Farsi un giro in un disco dei Tame Impala è come entrar dentro una lava lamp. O partire a bordo di un’astronave alimentata a base di psichedelia ben raffinata, progettata da qualche fashion designer di grido. Destinazione finale: Marte o giù di lì, con numerose e impreviste fermate intermedie. Un viaggio all inclusive nello spazio insomma, non quello profondo e inquietante di Kubrik ma la sua versione più colorata e vivida, tipo telefilm degli anni settanta mischiato alle mirabolanti imprese dei fratelli Wachowski.

“Lonerism” è uno di quegli album che crescono col tempo e conquistano ascolto dopo ascolto.
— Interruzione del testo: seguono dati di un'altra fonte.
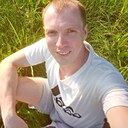 Павел Юрьевич, 35 лет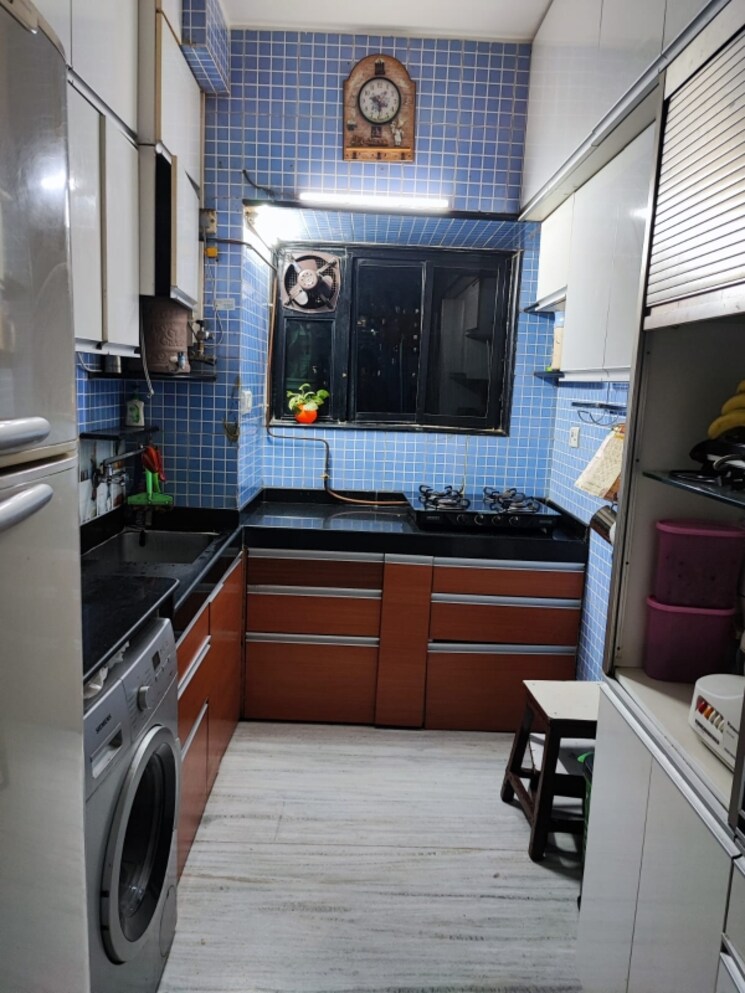  Parking, amrut-apartment-matunga-east 1 Bedroom 625 Sq.Ft. Apartment In Matunga East Mumbai 7068716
Ha un titolo da trattato filosofico di quelli seri e difficili, che richiedono massima applicazione, ma è solo apparenza: il sound resta quello fluorescente e molto cool con cui questa chiacchieratissima band australiana si è imposta all’attenzione del mondo. Atmosfere sospese e sognanti, come se stessero suonando mentre camminano in assenza di gravità  su qualche pianeta alieno ma tutto sommato amichevole (“Mind Mischief”, “Apocalypse Dreams”, “Nothing That Has Happened So Far Has Been Anything We Could Control”) si alternano a esplosioni strumentali, improvvisi attacchi di maestosità  musicale e emotiva che li fanno sembrare quasi un gruppo psych prog (“Endors Toi”). Ci sono sempre, e come potrebbero mancare, pezzi come “Be Above It” e il singolo “Elephant”: diversi ma entrambi contagiosi e dritti al punto, figli del glam più glam, cugini dello Studio 54 e degli anni ottanta più giocosi, sembrano fatti apposta per martellarti implacabilmente il cervello e essere suonati alle feste (con tanto di remix a opera di Todd Rundgren). Ma “Lonerism” non si chiama così per caso. E allora, minuto dopo minuto, l’attenzione si sposta impercettibilmente verso canzoni come “Keep On Lying”, “Why Won’t They Talk To Me?”, “Feels Like We Only Go Backwards” e “Music To Walk Home By”: un piccolo bignami per cuori sensibili e lupi solitari, quelli che ballano con le lacrime agli occhi, che restano invariabilmente col due di picche alla fine di un party allucinato e luciferino e tornano sconsolati a casa domandandosi dove hanno sbagliato.

Tirano fuori il loro lato più vulnerabile e tutta la loro abilità  di songwriters, i Tame Impala. Come se avessero scoperto di poter lasciare da parte, almeno ogni tanto, quell’invincibilità , quel velato distacco che pareva accompagnarli lungo tutto il pur ottimo “Innerspeaker” per diventare più umani. Tecnicamente sempre impeccabili, praticamente degli extraterrestri, ma anche esseri fatti di carne e sangue che sorprendono con un pianoforte all’inizio di “Sun’s Coming Up”. Ancora una volta capaci di avvolgere e coinvolgere con una musica mutante, un caleidoscopio di colori che assume sfumature e forme sempre nuove.